Moron of the Week #10

I started the Moron of the Week series nearly three years ago, but unfortunately didn’t keep up with it. It’s been nearly two years since the last one and, in that time, I’ve considered reviving it. After this past week, I realize now is a perfect time. I hope I can keep up with it this time. We’ll see.

This time around, it’s a collective award, going to a group of people for a particularly moronic event in California, of all places. The mental faculties of one elementary school student’s parent, apparently already in a feeble state, overloaded when said student discovered the compound noun oral sex in Merriam Webster’s 10th Edition dictionary. The parent, most likely imagining the child was now in danger of suffering a horrific destiny (like becoming a homosexual pedophile, or worse, a liberal), lodged a complaint with the Menifee Union School District. Officials there promptly banned the book from all schools in their district.

The Moron of the Week is not the parent, despite the objection to a child being exposed to reality a dictionary definition. The real morons here are the officials of the Menifee Union School District. These people are supposed to be in charge of ensuring children get a solid education. If they start censoring books based upon the complaints of parents, you can’t help but lose confidence in their competency. Fortunately, not all parents in the school district agree with the decision.

“Censorship in the schools, really?
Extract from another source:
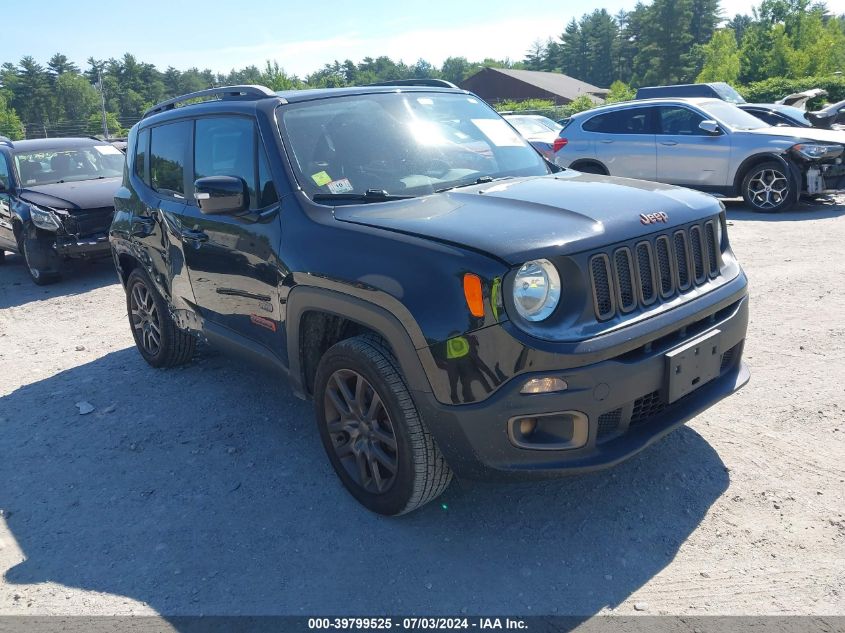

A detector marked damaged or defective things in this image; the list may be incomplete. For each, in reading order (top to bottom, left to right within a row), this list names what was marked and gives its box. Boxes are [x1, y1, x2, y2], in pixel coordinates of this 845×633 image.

damaged black car [0, 136, 123, 284]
Pretty soon the only dictionary in the school library will be the Bert and Ernie dictionary,” said Emanuel Chavez, the parent of second- and sixth-grade students. “If the kids are exposed to it, it’s up to the parents to explain it to them at their level.”

Don’t get too happy about Mr. Chavez’s reasoned response, though. As long as the reasonable people aren’t the ones in authority, this sort of stupidity is bound to happen again and again. Consider the words of  school board member and elementary school teacher Randy Freeman:

…it’s  “a prestigious dictionary that’s used in the Riverside County spelling bee, but I also imagine there are words in there of concern.”

He’s concerned about students looking up words in the dictionary. And he’s an elementary school teacher. Think about that.

So, congratulations to the Menifee Union School District. Despite fierce competition from Culpeper County Public Schools in Virginia, who pulled the Diary of Anne Frank because of an inquisitive passage about her vagina, you are officially, and collectively, Moron of the Week #10. After all, banning a dictionary is quite a few degrees more moronic than banning a literary work.